+++ Dataset content +++
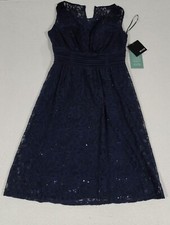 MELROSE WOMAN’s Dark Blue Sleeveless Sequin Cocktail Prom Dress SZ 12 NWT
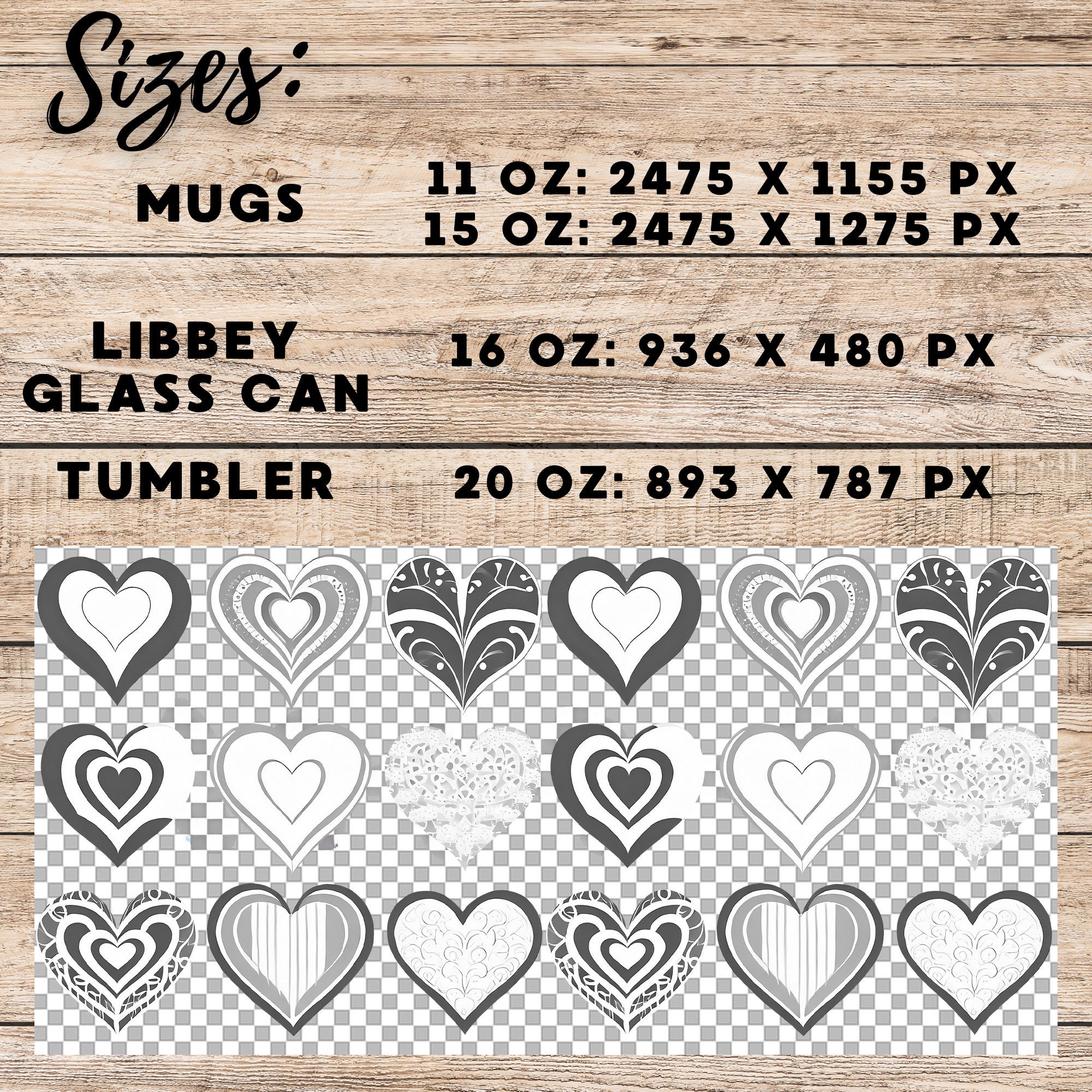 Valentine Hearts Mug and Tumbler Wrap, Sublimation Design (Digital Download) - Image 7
+++
+++ Dataset content +++
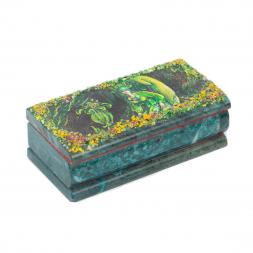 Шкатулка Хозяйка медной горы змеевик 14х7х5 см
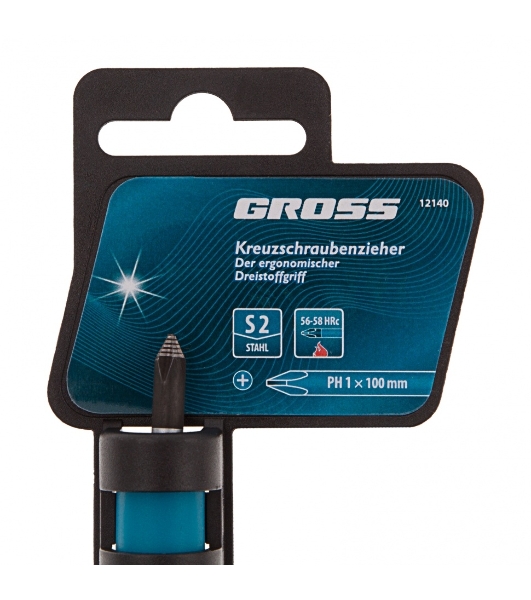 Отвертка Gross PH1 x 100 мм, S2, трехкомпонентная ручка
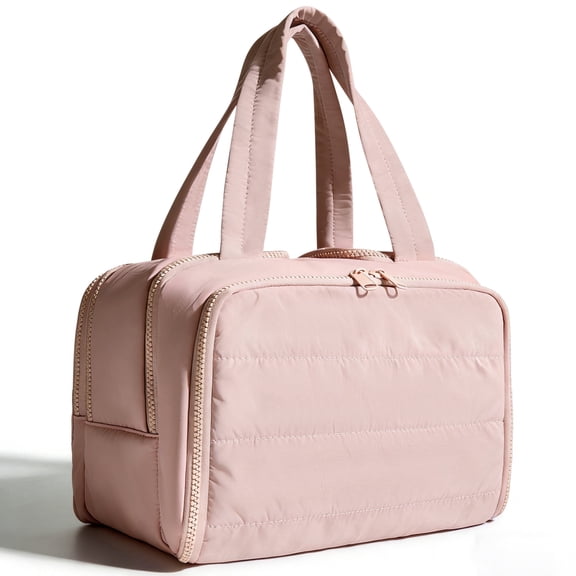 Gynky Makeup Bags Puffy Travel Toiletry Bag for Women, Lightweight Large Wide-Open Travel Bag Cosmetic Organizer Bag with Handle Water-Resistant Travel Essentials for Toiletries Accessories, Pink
+++
» **About this exercise**
Everything from the line above that contains "MELROSE WOMAN’s Dark" down to the line that contains "Valentine Hearts Mug" must be reproduced exactly, both ends included. Omit the pictures.

» **Response area**
 MELROSE WOMAN’s Dark Blue Sleeveless Sequin Cocktail Prom Dress SZ 12 NWT
 Valentine Hearts Mug and Tumbler Wrap, Sublimation Design (Digital Download) - Image 7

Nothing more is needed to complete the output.